(What needs to be done): The lines wanted run from the first one below through the one with "Monochromatic ethnic seamless". Return them exactly.

╔══

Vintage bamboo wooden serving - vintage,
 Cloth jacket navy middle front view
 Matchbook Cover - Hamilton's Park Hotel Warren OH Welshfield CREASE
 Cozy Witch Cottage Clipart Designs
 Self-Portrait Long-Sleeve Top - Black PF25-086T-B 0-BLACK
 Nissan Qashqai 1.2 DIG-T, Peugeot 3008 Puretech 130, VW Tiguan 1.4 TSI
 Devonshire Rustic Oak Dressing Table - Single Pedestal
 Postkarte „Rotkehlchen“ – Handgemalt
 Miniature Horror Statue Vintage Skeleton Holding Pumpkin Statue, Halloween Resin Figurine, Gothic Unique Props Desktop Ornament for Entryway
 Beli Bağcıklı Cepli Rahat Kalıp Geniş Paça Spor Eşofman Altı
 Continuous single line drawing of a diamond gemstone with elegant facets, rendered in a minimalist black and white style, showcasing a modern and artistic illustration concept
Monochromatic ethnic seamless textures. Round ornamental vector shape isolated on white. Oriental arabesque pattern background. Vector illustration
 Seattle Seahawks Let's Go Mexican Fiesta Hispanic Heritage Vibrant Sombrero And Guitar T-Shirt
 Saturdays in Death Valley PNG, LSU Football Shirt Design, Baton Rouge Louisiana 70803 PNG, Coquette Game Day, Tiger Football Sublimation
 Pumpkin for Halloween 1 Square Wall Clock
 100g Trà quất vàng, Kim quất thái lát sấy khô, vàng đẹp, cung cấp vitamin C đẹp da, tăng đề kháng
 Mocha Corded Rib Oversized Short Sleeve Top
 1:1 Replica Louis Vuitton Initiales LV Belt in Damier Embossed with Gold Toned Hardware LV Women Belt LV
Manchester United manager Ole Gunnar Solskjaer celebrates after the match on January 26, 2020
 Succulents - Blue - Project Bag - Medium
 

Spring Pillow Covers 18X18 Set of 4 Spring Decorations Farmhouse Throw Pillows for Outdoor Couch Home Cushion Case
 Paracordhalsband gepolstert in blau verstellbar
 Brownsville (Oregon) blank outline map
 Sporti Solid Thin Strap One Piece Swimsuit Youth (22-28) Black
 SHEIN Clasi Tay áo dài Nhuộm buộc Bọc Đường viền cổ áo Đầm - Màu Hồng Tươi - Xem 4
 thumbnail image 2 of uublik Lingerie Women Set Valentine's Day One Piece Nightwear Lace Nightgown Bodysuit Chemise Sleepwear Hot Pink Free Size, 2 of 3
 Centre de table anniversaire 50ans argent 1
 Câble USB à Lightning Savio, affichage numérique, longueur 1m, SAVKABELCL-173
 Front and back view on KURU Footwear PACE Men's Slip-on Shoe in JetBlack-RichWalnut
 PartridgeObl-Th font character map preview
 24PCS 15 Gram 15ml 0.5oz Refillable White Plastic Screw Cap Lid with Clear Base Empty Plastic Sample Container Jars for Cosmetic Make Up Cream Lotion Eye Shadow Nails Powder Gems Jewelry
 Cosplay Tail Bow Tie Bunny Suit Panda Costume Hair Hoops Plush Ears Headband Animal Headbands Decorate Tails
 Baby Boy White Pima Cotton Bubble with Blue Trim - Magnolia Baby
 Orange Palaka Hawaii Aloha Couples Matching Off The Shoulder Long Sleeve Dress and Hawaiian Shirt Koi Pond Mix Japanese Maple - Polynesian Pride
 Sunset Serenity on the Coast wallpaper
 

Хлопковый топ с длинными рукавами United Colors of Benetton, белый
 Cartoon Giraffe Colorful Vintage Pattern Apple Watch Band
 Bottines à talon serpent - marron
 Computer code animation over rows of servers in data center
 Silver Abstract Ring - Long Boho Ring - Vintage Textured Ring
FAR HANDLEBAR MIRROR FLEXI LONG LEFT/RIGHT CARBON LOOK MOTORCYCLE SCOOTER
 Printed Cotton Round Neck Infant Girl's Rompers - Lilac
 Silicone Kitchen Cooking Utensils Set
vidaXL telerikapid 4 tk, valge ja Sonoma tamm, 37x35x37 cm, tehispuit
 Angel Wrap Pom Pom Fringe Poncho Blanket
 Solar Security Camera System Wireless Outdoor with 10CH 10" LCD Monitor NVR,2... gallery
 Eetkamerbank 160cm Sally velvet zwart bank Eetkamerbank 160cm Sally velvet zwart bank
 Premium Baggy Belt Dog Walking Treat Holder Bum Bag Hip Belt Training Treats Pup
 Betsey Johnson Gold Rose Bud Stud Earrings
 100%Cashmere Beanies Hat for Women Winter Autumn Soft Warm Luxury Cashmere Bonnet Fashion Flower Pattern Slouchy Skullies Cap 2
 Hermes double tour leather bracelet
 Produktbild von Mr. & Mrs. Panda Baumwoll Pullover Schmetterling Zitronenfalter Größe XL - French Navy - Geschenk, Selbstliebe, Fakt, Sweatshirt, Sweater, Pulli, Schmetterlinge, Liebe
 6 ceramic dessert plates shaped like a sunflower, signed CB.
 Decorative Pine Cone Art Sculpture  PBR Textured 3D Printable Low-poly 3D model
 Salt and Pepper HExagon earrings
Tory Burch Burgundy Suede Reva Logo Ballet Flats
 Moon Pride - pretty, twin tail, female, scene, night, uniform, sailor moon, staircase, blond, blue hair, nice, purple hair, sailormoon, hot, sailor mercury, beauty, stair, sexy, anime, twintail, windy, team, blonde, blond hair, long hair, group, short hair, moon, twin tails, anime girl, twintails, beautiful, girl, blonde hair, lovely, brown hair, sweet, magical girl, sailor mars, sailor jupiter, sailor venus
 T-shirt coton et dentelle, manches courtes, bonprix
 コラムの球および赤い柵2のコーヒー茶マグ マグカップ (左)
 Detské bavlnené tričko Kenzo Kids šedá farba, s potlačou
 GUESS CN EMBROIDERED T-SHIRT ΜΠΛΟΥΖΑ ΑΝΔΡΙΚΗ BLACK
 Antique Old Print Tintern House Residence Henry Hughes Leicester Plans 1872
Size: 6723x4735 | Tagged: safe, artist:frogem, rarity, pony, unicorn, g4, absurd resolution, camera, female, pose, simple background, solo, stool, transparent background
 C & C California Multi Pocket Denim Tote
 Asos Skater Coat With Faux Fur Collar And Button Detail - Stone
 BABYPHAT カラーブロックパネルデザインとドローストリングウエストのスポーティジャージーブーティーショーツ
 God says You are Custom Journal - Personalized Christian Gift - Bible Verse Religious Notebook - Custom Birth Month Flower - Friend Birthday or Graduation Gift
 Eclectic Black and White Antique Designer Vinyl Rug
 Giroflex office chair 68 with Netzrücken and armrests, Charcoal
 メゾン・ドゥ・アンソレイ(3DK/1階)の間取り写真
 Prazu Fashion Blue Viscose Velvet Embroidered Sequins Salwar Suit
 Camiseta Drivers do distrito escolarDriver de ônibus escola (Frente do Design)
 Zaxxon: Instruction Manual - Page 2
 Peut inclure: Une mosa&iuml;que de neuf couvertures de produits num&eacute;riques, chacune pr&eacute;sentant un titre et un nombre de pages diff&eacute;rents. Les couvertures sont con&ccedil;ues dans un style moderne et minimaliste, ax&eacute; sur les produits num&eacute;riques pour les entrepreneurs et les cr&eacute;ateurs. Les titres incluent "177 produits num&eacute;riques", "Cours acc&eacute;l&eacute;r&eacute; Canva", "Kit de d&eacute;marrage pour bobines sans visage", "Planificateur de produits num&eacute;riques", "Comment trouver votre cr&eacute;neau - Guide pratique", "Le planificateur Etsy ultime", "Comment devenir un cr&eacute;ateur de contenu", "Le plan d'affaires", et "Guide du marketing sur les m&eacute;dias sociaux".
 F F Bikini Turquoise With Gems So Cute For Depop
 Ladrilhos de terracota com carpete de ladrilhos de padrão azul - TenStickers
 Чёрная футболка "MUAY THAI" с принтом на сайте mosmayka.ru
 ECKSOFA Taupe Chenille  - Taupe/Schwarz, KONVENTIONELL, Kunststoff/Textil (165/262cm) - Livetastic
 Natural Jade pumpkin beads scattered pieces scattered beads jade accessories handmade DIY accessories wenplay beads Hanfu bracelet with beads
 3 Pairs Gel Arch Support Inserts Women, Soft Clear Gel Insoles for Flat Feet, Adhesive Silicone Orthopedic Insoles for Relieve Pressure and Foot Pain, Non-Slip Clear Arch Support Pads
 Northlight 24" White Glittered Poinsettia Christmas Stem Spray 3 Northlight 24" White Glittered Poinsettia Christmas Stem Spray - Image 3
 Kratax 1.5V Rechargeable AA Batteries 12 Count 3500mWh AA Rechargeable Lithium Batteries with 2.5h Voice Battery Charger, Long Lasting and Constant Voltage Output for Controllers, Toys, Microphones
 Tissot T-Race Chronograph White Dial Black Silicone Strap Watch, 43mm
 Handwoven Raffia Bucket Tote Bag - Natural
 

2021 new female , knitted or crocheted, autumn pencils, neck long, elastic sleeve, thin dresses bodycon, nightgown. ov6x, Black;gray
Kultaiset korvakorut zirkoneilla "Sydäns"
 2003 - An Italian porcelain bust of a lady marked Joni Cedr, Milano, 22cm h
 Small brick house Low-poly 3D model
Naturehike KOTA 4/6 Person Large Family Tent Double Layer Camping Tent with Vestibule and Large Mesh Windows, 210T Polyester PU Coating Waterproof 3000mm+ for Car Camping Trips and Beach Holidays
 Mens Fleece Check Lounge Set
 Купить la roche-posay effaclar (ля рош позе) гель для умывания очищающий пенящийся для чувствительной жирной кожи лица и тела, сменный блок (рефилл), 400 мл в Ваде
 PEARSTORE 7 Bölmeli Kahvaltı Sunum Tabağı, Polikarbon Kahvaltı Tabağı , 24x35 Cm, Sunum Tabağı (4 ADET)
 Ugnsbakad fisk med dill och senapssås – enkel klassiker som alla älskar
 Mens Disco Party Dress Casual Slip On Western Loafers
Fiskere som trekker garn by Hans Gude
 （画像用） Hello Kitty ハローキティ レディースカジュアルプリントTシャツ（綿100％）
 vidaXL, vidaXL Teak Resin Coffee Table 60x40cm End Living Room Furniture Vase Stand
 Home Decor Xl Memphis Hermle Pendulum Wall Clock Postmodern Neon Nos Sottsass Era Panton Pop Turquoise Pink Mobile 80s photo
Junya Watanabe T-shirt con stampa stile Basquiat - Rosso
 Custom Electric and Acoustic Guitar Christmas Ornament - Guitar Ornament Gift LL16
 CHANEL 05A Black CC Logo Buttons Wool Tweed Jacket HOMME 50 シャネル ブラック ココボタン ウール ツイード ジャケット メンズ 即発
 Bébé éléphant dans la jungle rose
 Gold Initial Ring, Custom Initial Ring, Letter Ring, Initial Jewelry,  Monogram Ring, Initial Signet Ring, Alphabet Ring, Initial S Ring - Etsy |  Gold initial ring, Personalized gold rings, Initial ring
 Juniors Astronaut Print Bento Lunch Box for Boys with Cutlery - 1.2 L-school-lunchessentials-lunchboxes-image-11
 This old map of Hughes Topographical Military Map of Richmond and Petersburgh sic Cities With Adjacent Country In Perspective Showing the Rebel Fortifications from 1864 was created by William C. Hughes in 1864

╚══

(Problem solution):
Vintage bamboo wooden serving - vintage,
 Cloth jacket navy middle front view
 Matchbook Cover - Hamilton's Park Hotel Warren OH Welshfield CREASE
 Cozy Witch Cottage Clipart Designs
 Self-Portrait Long-Sleeve Top - Black PF25-086T-B 0-BLACK
 Nissan Qashqai 1.2 DIG-T, Peugeot 3008 Puretech 130, VW Tiguan 1.4 TSI
 Devonshire Rustic Oak Dressing Table - Single Pedestal
 Postkarte „Rotkehlchen“ – Handgemalt
 Miniature Horror Statue Vintage Skeleton Holding Pumpkin Statue, Halloween Resin Figurine, Gothic Unique Props Desktop Ornament for Entryway
 Beli Bağcıklı Cepli Rahat Kalıp Geniş Paça Spor Eşofman Altı
 Continuous single line drawing of a diamond gemstone with elegant facets, rendered in a minimalist black and white style, showcasing a modern and artistic illustration concept
Monochromatic ethnic seamless textures. Round ornamental vector shape isolated on white. Oriental arabesque pattern background. Vector illustration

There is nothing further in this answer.